• [PROBLEM REQUIREMENTS]
Each record below needs to be written out exactly as it reads.

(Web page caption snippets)
◇ ◇ ◇ ◇ ◇

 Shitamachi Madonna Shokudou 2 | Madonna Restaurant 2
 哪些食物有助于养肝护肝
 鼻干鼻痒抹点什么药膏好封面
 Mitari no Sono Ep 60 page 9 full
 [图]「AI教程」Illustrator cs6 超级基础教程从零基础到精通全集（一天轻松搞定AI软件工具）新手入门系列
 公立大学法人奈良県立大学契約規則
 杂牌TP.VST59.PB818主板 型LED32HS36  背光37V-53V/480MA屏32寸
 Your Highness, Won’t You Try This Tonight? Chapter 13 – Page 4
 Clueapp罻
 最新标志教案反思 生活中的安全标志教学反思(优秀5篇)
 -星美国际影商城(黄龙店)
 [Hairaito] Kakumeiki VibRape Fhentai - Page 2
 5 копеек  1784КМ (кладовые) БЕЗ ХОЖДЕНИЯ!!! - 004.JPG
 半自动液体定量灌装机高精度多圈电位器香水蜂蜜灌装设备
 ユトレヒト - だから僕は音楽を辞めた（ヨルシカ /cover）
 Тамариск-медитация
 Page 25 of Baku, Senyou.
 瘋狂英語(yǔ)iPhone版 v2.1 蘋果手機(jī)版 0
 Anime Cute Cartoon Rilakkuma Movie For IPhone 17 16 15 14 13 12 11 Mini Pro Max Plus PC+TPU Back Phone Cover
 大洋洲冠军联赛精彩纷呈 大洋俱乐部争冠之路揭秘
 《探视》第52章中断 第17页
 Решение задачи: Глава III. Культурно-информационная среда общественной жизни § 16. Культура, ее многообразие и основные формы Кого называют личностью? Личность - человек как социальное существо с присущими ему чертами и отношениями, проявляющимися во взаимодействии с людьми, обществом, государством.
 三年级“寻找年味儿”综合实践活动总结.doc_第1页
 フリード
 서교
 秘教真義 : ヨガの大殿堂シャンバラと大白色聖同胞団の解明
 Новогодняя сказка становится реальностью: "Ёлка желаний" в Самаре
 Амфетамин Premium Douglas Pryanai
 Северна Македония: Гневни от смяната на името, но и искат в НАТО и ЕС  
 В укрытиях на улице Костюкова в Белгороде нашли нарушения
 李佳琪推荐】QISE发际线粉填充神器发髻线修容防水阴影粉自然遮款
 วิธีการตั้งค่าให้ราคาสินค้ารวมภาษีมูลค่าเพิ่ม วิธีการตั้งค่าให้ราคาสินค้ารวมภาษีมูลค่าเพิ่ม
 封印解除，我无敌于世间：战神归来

◇ ◇ ◇ ◇ ◇

• [TASK OUTPUT]
 Shitamachi Madonna Shokudou 2 | Madonna Restaurant 2
 哪些食物有助于养肝护肝
 鼻干鼻痒抹点什么药膏好封面
 Mitari no Sono Ep 60 page 9 full
 [图]「AI教程」Illustrator cs6 超级基础教程从零基础到精通全集（一天轻松搞定AI软件工具）新手入门系列
 公立大学法人奈良県立大学契約規則
 杂牌TP.VST59.PB818主板 型LED32HS36  背光37V-53V/480MA屏32寸
 Your Highness, Won’t You Try This Tonight? Chapter 13 – Page 4
 Clueapp罻
 最新标志教案反思 生活中的安全标志教学反思(优秀5篇)
 -星美国际影商城(黄龙店)
 [Hairaito] Kakumeiki VibRape Fhentai - Page 2
 5 копеек  1784КМ (кладовые) БЕЗ ХОЖДЕНИЯ!!! - 004.JPG
 半自动液体定量灌装机高精度多圈电位器香水蜂蜜灌装设备
 ユトレヒト - だから僕は音楽を辞めた（ヨルシカ /cover）
 Тамариск-медитация
 Page 25 of Baku, Senyou.
 瘋狂英語(yǔ)iPhone版 v2.1 蘋果手機(jī)版 0
 Anime Cute Cartoon Rilakkuma Movie For IPhone 17 16 15 14 13 12 11 Mini Pro Max Plus PC+TPU Back Phone Cover
 大洋洲冠军联赛精彩纷呈 大洋俱乐部争冠之路揭秘
 《探视》第52章中断 第17页
 Решение задачи: Глава III. Культурно-информационная среда общественной жизни § 16. Культура, ее многообразие и основные формы Кого называют личностью? Личность - человек как социальное существо с присущими ему чертами и отношениями, проявляющимися во взаимодействии с людьми, обществом, государством.
 三年级“寻找年味儿”综合实践活动总结.doc_第1页
 フリード
 서교
 秘教真義 : ヨガの大殿堂シャンバラと大白色聖同胞団の解明
 Новогодняя сказка становится реальностью: "Ёлка желаний" в Самаре
 Амфетамин Premium Douglas Pryanai
 Северна Македония: Гневни от смяната на името, но и искат в НАТО и ЕС  
 В укрытиях на улице Костюкова в Белгороде нашли нарушения
 李佳琪推荐】QISE发际线粉填充神器发髻线修容防水阴影粉自然遮款
 วิธีการตั้งค่าให้ราคาสินค้ารวมภาษีมูลค่าเพิ่ม วิธีการตั้งค่าให้ราคาสินค้ารวมภาษีมูลค่าเพิ่ม
 封印解除，我无敌于世间：战神归来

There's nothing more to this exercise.